Doesn't really come across as a novel problem, aside from AI being involved. I'm sure countless defendants have made the stupid mistake of talking about the facts of their case to persons other than their attorney, and those communications came back to bite them in the ass when discovered.
Explains why so many let loose afterwards ;) jokes
Does anyone know if there exists any OPSEC procedure for me to use third party tools like this for my own concerning legal questions that is both ethical and allows me to be confident that my interactions won't land in discovery documents?
So basically if you use any of the CLI tools, there is nothing for OpenAI, Anthropic, etc. to give the courts.
Online ChatGPT (especially the free version), are apparently cached by OpenAI on their servers. (I am not sure if Claude Desktop caches the conversations locally or in the cloud as well, read the fine print if it matters!)
This is a very narrow exemption, however.

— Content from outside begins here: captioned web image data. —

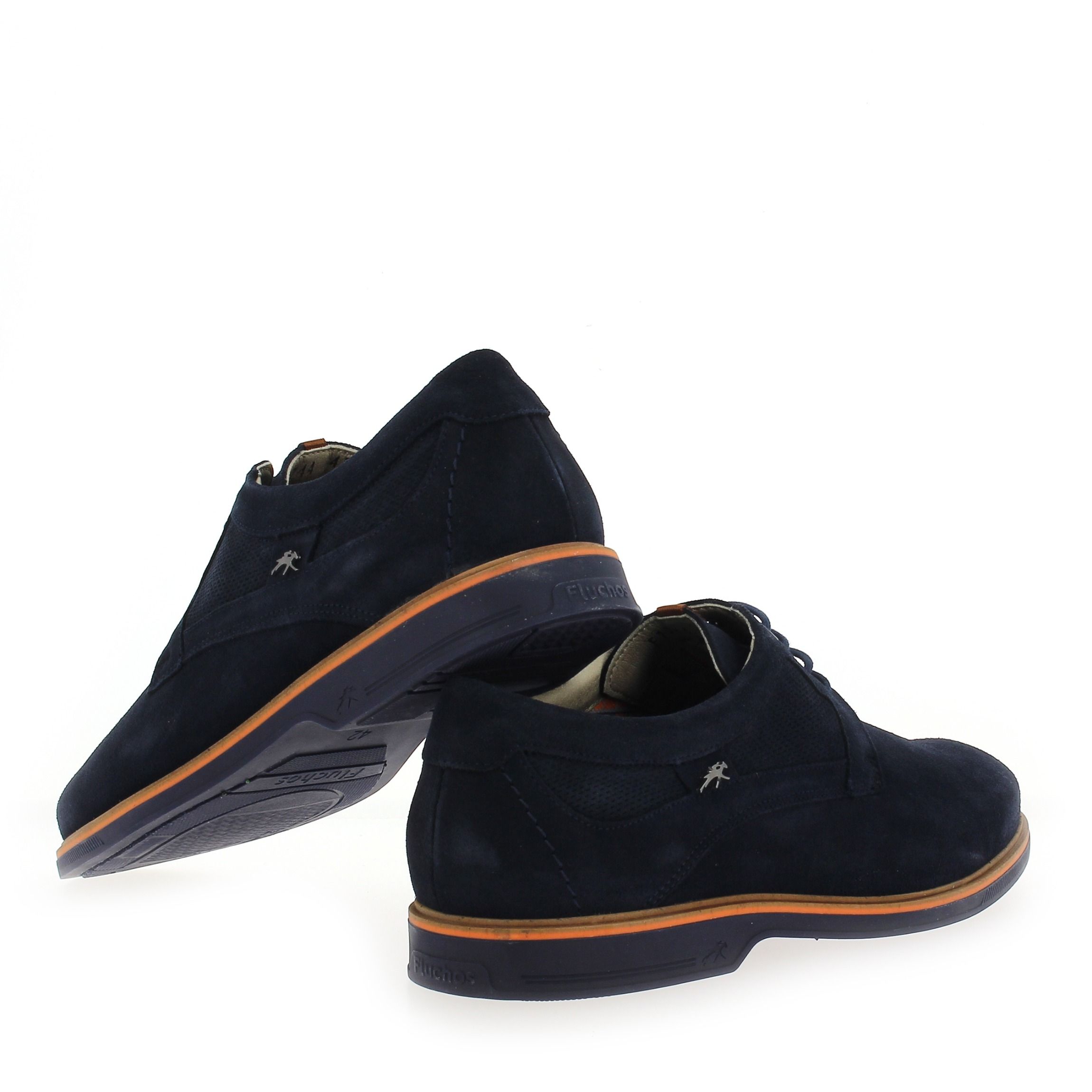 Fluchos  F1744 - Marine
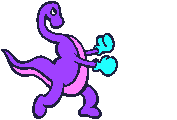 Dinosaurios-04.gif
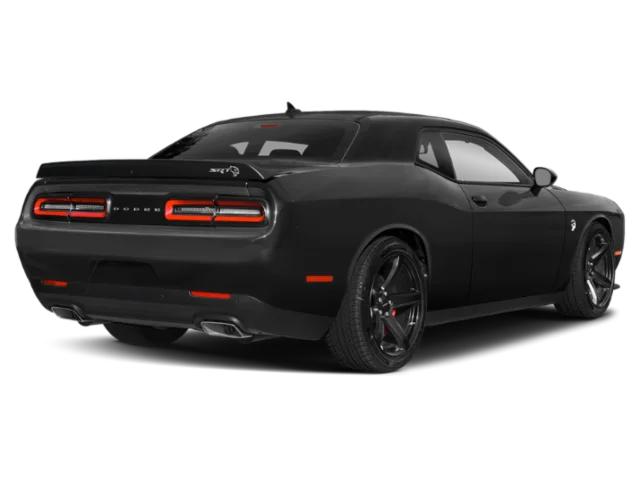 dodge challenger 2020 2C3CDZL93LH250269 image dodge challenger 2020 2C3CDZL93LH250269 image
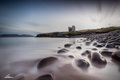 Minard castle &hellip;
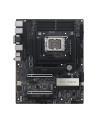 Asus PRO WS Z890-ACE SE (90MB1JC0M0EAY0) - nr 14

(You would also want to make sure you're using a paid AI plan with contractually guaranteed privacy protections, otherwise it could be construed as third-party communications, which implicitly waives privilege.)
See: Warner v. Gilbarco, Inc.
Isn't that a fundamental misunderstanding? Would "OPSEC" like that amount to destruction of evidence or contempt of court or something like that?
Like if all your incriminating documents are on some encrypted drive, it's not like that defeats discovery. You're supposed to decrypt them and hand them over.
Your only real defense against discovery is to not have said it, or to have destroyed all records of it before the hint of discovery wafted on the wind.
We need a law where someone can clearly designate a chat privileged, with severe consequences for mis-use.
How's this any different than any professional license? You're basically paying for preferential treatment from the state in a given subject area.
Because it's got nothing to do with the professional part? Licensing should affect their practice of law, sure, but it shouldn't grant random other privileges.
There's a good summary of the current state of things here: https://www.akerman.com/en/perspectives/ai-privilege-and-wor...
Also worth noting that none of this is binding precedent, so expect this field to evolve over time.
For example in the medical world if you are a provider covered by HIPAA you must have a signed "Business Associate Agreement" with any party that handles the covered protected health information (PHI).
As in "I'm excited to win a lot of money dismantling hallucinated quotations and invalid assumptions"?